The Mondo app is designed to tell you if you mess up. It lets you set up real-time notifications that say how much you’ve spent daily or whether you’re going into overdraft. If you need £500 to tide you over to payday, Mondo will tell you how much it will cost for a short-term loan instead of charging you after the fact.

Pulling out his phone, Jason Bates, Mondo’s 43-year-old co-founder and chief customer officer, shows his Mondo prototype app. He’d just had a burger with his wife at Five Guys in Soho, which turned up immediately on his account with a map of where he’d used his Mondo card. With a swipe, he demonstrates how you can turn off the card if you lose your wallet and immediately turn it back on if you find it. You can even block your card at pubs to encourage a dry spell.

By tracking your regular bills, Mondo can alert you if something is out of the ordinary, like a utility charge that’s higher than normal. This smarter use of data can help detect fraud, Bates says. “We see your phone is in Manchester but your card was being used in London,” he says. “We can block your card and send you a text saying: ‘Something is fishy. Can you confirm?’”
Mondo's app lets you track expenses as you spend and provides weekly reports.
Mondo's app lets you track expenses as you spend and provides weekly reports

Blomfield and Bates say Mondo could charge much lower fees and still become profitable because its cost base is a fraction of what major banks shoulder. Old-style lenders are saddled with the expenses of maintaining branches and updating antiquated IT systems. 

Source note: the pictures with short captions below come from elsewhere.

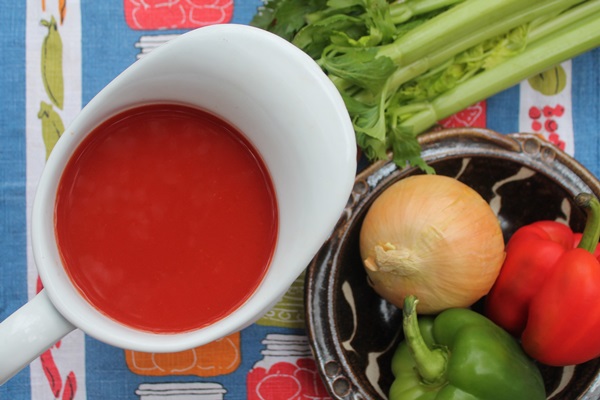 Ketchup saját kézből paradicsomból: lépésről-lépésre receptek a betakarításhoz a télen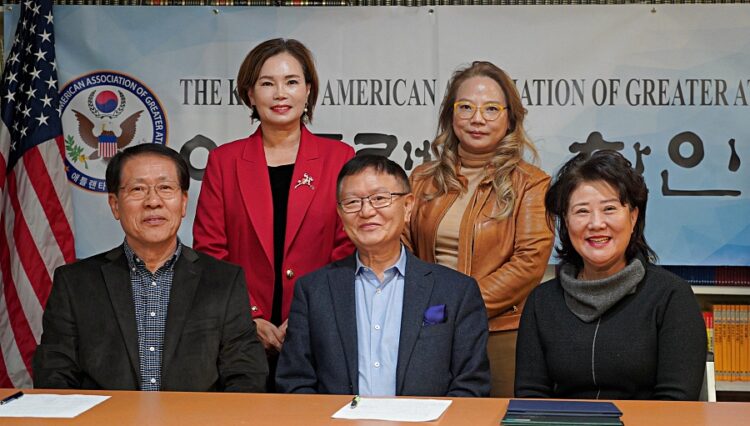 (앞줄 왼쪽부터) 이경성 이사장, 이홍기 회장, 우귀희 사랑의 네트워크 위원장. (뒷줄 왼쪽부터) 소피아 서 사무총장, 에스더 김 부회장. 사진 / 윤지아 기자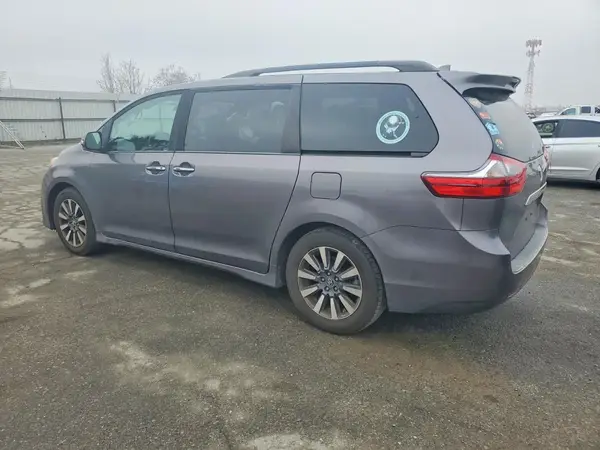 5TDYZ3DC2LS040919 2020 TOYOTA SIENNA - Image 2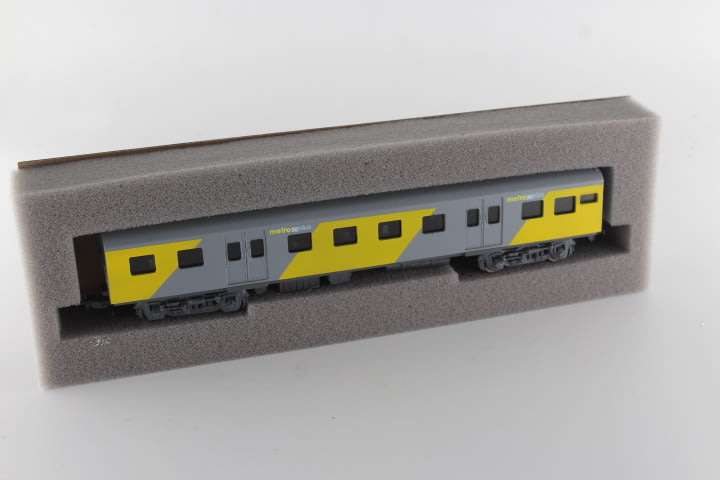 SARM: Metro Plus Suburban Passenger Coach (Lima Couplers)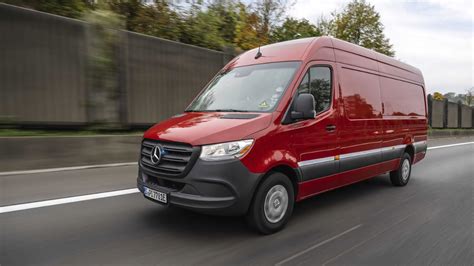 Electric Mercedes Sprinter Van Travels Nearly 300 Miles On A Single
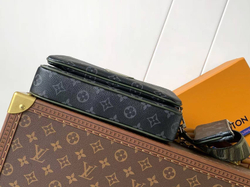 Сумка через плечо/мессенджер Louis Vuitton Trio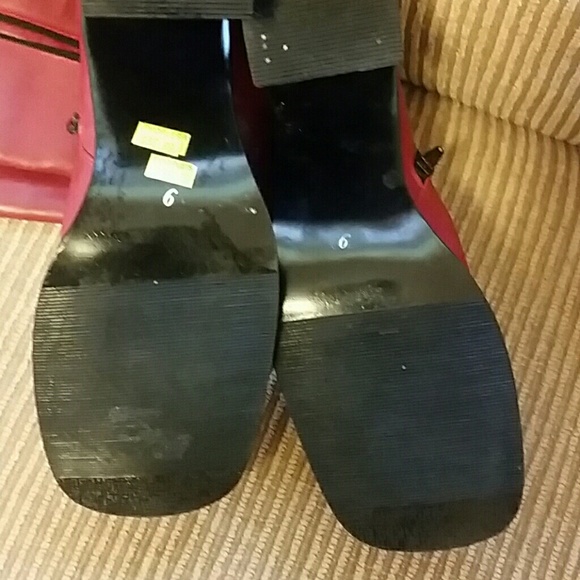 Boots - Picture 2 of 4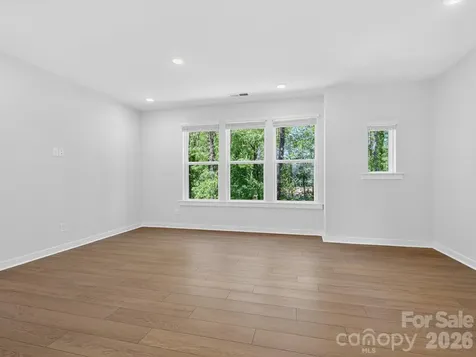 1526 Lithium Lane Charlotte NC 28211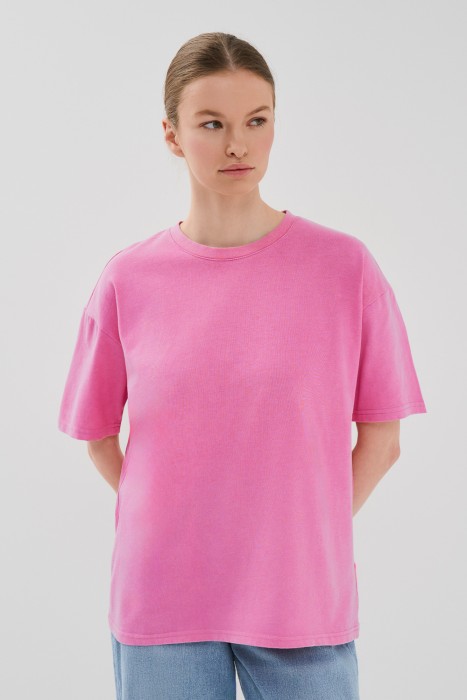 футболка оверсайз от бренда снежная королева вид слева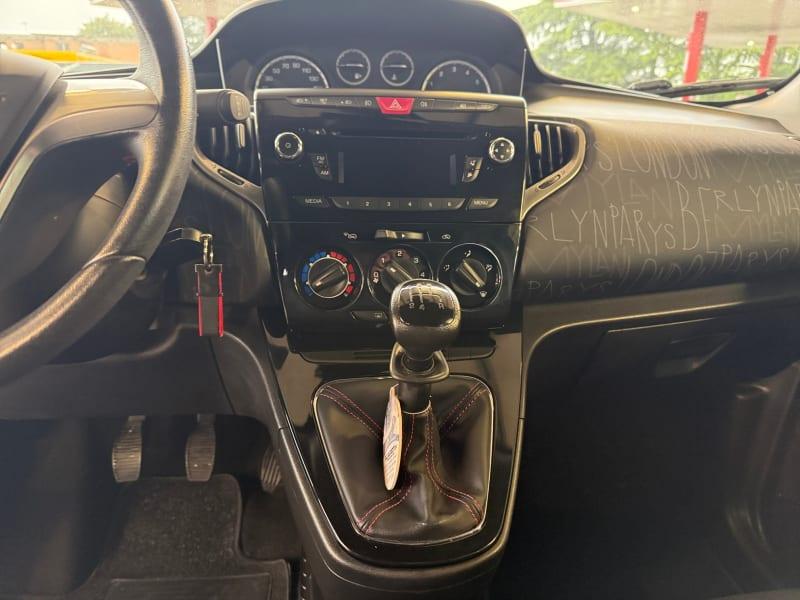 LANCIA YPSILON 1.2 69 CV 5 PORTE ELEFA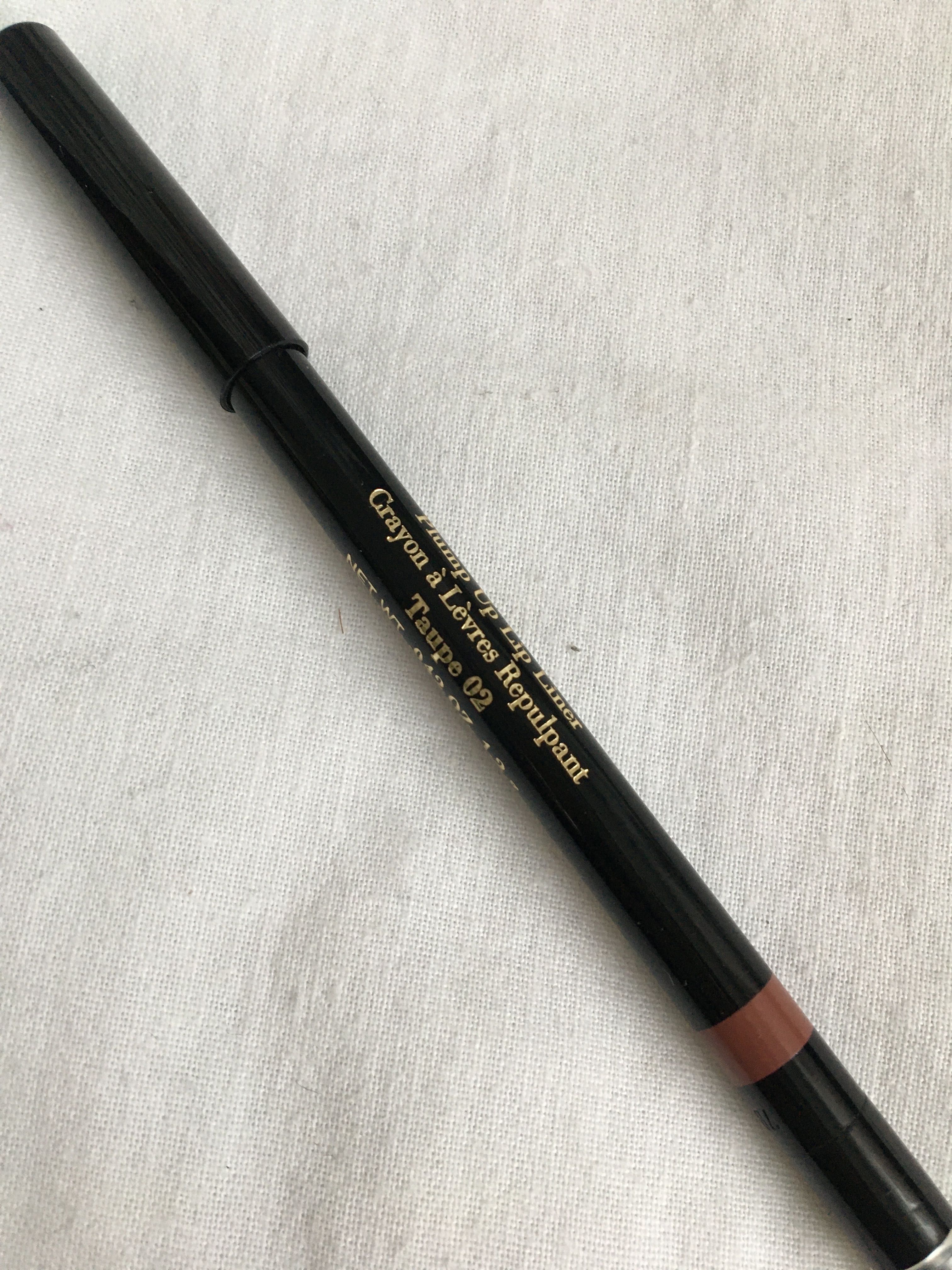 Elizabeth Arden , super trwała konturówka, 02 Taupe,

Back-end computer systems that process transactions can date to the 1970s and have had meltdowns, says David Parker, head of banking at Accenture in London. Last year, British regulators fined RBS £56 million for a computer failure in 2012 that left 6.5 million customers without access to their accounts for weeks after a contractor updated software. The problems “revealed unacceptable weaknesses in our systems,” Philip Hampton, RBS’s chairman, said.

“It’s difficult to build an app that’s fantastic when you have an ugly core banking system,” Parker says. “The banks have to change quickly or they run the risk their customers will desert them.” 

Not everyone is convinced tech-savvy banks will lure enough customers from the big four to become major players. New fintech banks may have a hard time attracting more than just “hardcore money geeks,” says James Moed, a consultant to fintech startups and a former director of IDEO,  where he was a London-based financial services designer. “Most people find managing their money boring and regard banking as a utility,” Moed says. “I’m not sure great apps will motivate people enough to switch.”

Even so, mobile bank users globally are forecast to more than double by 2019, according to a 2015 KPMG report. Generation Y, the so-called millennials, born from the 1980s to the early 2000s, may be the most fertile hunting ground. Almost 67 percent prefer mobile apps for banking, compared with 46 percent of baby boomers, aged 51 to 69, according to PricewaterhouseCoopers. A study by Viacom’s Scratch research unit called “Sorry Banks, Millennials Hate You” found 71 percent of 18- to 34-year-olds would rather go to the dentist than listen to what their bank says.

Blomfield acknowledges that Mondo isn’t for everyone. “My grandmother would not use this bank,” he says. “But a big segment of the population would.”

He likens the banking behemoths to Blockbuster Video, while digital startups such as Mondo are like Netflix. With the right technology and open-minded regulation, Blomfield says, even as staid and entrenched an industry as retail banking can be disrupted. “We think,” says the guy who doesn’t look like a typical banker, “there will be a generational shift in how banking works.”